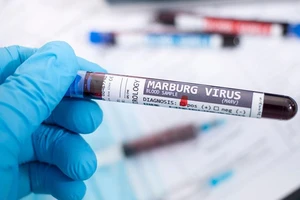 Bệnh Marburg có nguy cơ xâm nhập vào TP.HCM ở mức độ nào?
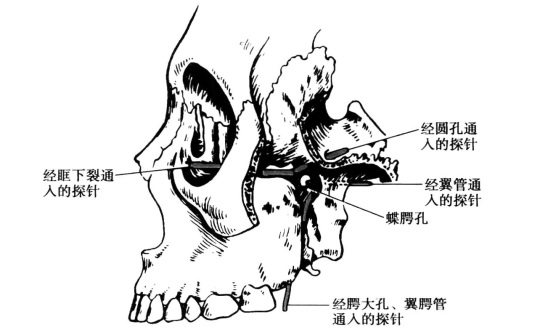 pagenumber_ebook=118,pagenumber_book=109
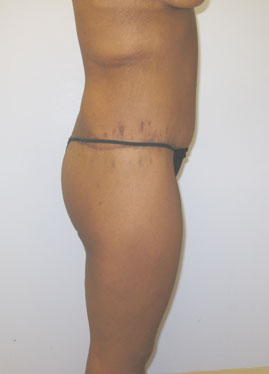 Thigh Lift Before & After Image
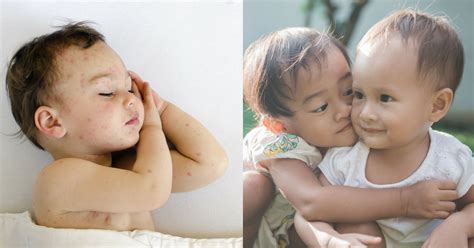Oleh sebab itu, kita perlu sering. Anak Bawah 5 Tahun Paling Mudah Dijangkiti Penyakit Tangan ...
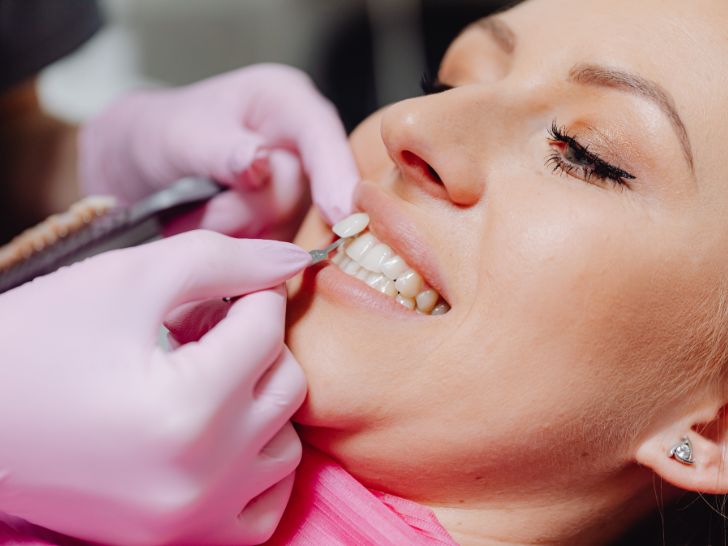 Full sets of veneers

**EXERCISE GOAL:** In the records above, find the line that contains "Oleh sebab itu, kita". Retype it and every line after it, exactly, leaving out all pictures.

**COMPLETED TASK:**
Oleh sebab itu, kita perlu sering. Anak Bawah 5 Tahun Paling Mudah Dijangkiti Penyakit Tangan ...
 Full sets of veneers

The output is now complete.